(Scraped caption text data)
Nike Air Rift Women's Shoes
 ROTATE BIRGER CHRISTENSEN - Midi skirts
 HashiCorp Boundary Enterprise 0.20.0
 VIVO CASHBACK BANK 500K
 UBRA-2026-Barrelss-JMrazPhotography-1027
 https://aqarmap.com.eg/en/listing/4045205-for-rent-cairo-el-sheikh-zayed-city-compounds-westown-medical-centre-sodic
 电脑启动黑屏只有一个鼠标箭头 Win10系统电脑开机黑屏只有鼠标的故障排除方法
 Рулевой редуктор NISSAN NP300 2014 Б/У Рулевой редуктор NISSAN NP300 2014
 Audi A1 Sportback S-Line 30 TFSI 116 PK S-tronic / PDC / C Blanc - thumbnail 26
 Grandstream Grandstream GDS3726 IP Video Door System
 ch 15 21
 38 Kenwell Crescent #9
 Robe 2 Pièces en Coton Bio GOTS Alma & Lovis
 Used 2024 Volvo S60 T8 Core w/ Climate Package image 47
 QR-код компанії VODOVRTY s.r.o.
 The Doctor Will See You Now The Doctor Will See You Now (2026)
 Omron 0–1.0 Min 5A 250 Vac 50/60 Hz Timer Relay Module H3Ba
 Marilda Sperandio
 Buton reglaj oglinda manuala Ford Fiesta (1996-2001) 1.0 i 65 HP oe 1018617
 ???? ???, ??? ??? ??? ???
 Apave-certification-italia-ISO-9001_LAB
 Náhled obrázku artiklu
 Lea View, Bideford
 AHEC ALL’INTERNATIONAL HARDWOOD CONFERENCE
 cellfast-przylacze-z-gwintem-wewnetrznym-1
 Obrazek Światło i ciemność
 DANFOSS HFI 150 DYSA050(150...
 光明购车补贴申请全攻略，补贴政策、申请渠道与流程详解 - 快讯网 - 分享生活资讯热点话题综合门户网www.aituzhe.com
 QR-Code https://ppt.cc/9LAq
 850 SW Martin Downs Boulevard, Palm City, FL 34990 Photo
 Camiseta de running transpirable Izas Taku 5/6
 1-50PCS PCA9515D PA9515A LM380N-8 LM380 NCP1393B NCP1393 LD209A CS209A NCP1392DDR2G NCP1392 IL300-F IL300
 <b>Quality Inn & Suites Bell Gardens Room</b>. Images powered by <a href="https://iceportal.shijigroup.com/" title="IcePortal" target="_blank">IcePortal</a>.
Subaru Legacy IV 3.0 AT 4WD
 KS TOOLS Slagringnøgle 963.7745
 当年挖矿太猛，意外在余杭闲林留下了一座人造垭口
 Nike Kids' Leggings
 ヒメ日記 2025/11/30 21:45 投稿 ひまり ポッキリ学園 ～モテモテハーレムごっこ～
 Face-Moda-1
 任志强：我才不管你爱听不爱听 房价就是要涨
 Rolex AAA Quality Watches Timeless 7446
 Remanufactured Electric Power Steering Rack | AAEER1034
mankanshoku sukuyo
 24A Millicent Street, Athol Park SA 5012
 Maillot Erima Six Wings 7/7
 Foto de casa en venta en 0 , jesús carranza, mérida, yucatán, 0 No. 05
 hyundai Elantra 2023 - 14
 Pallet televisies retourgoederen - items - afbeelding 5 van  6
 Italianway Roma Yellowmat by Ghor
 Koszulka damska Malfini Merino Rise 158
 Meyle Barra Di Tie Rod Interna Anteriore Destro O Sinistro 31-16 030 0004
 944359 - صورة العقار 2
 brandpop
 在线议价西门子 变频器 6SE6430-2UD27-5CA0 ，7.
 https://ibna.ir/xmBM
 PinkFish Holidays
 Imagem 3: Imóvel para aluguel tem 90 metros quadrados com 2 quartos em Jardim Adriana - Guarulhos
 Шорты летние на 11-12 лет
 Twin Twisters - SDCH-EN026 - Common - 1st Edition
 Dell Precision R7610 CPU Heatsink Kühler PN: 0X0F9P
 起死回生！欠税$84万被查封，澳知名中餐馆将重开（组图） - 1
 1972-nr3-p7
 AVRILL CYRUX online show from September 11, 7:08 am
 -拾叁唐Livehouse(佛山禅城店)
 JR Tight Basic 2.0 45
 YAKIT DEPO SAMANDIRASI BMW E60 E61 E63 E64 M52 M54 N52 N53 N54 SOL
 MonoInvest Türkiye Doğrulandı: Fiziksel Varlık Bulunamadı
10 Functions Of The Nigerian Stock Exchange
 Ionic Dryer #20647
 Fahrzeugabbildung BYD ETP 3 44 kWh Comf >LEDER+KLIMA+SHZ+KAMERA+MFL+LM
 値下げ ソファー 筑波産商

### DIRECTIONS
Write out exactly the lines above from the line with "Audi A1 Sportback" through the line with "The Doctor Will See You Now The", both of them included, and leave out all other lines.

### SOLUTION TO THIS PROBLEM
 Audi A1 Sportback S-Line 30 TFSI 116 PK S-tronic / PDC / C Blanc - thumbnail 26
 Grandstream Grandstream GDS3726 IP Video Door System
 ch 15 21
 38 Kenwell Crescent #9
 Robe 2 Pièces en Coton Bio GOTS Alma & Lovis
 Used 2024 Volvo S60 T8 Core w/ Climate Package image 47
 QR-код компанії VODOVRTY s.r.o.
 The Doctor Will See You Now The Doctor Will See You Now (2026)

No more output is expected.